Brazil Proposes Bond Issues To Restructure Bank Debt
Brazil has offered a five-point proposal to restructure its $50 billion of commercial bank debt, banking sources said.
The plan includes an exchange of debt for 30-year par bonds with a coupon of 5% and collateral not yet detailed.
Also proposed is an exchange of debt for 30-year registered bonds at a discount of 37.5%. These bonds will also be collateralized. The options do not include a buyback of debt at secondary-market prices.
The third proposal consists of bonds for which banks would put up 33% new money. For example, for every $100 of debt, Brazil would receive $33 in new money and the creditor $133 in bonds.
The last two options are both temporary interest-reduction bonds. The first is over 25 years, with a 15-year grace period; the second over 15 years, with 10 years' grace.

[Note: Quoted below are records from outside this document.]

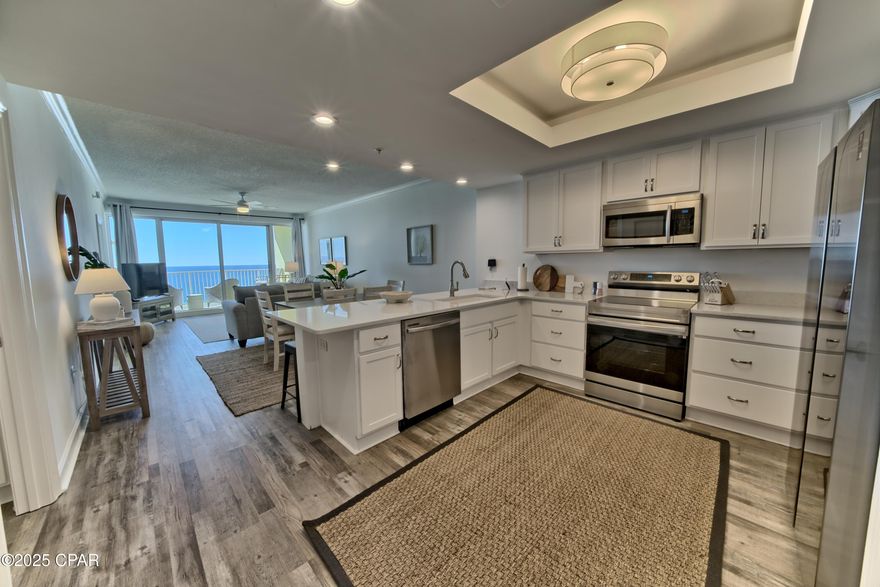 Enjoy stunning views of the Gulf of Mexico from this beautifully remodeled 2-bedroom, 2-bath gulf-front condo located on the 14th floor of Boardwalk Beach Resort. Situated on one of the largest private beaches in Panama City Beach, this property offers direct beach access and exceptional resort amenities.

This spacious condo comfortably accommodates up to eight guests and features luxury vinyl flooring, quartz countertops, new kitchen cabinets and appliances, updated lighting, fresh paint, and new furniture throughout. The open-concept living and dining area includes a table for six and a breakfast bar with seating for four. The kitchen is fully equipped for convenience and functionality.

The master suite offers spectacular Gulf views, a king bed, and an ensuite bath with a jacuzzi tub and separate shower. Additional features include a queen sleeper sofa, a private balcony overlooking the beach, and a laundry room with a washer and dryer.

Boardwalk Beach Resort amenities include a beachfront pool and hot tub, the popular ''Splash Zone'' for kids, a beachfront bar and grill, and a fitness center with Gulf views.

This property presents an excellent opportunity for short-term rental income or personal vacation use. With its modern upgrades, desirable location, and resort-style amenities, this gulf-front condo is a must-see along Panama City Beach's Emerald Coast.  This property is turn-key and already on a popular rental management program.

Terms on the 15-year bond -- known as "front-loaded interest reduction" -- are five years of rates below the London interbank offered rate, then reverting to a market rate -- 13/16 point over Libor.
Terms on the 25-year bond were not made available but are understood to consist of the same kind of low-start interest payments, the sources said.
Bankers at Lloyds Bank and Midland Bank -- both members of the bank advisory committee -- declined to comment on the proposals. The advisory committee is headed by Citibank.
The two sides started meeting on the restructuring last week. The banks said after the meeting that Brazil's proposals formed a basis for negotiation.
Brazil paid no interest on bank debt between July 1989 and December 1990. Earlier this year, Brazil and the banks reached agreement on treatment of the $8.5 billion in arrears it accumulated in that period.
Cash to Be Paid This Year
It promised to pay $2 billion in cash this year. The remaining $6.5 billion is to be in 10-year bonds, repayment of which will begin after three years. Brazil has paid two installments totaling $1.38 billion.
One banker with exposure to Brazil but not on the advisory committee said the proposal looked worth talking about but he doubted this would be the end of the story.
"There's no way the banks will just accept the first offer put in front of them," he said. "They will probably come back asking for a higher coupon on the par bonds, a lower discount on the discount bonds and better terms on the new money bonds."
One problem, he said, could be that although collateral is promised on the par and discount bonds, the Brazilian proposal is thin on details.
One analyst said the lack of detail on collateral probably means the Brazilians are unsure of how much money they will have available and how much they will need. "If everyone goes for the par bonds," Brazil will fall short, the analyst said. "They will not have enough enhancement money."
Analysts have estimated Brazil could be $2 billion short if it wants to maintain import cover at four months.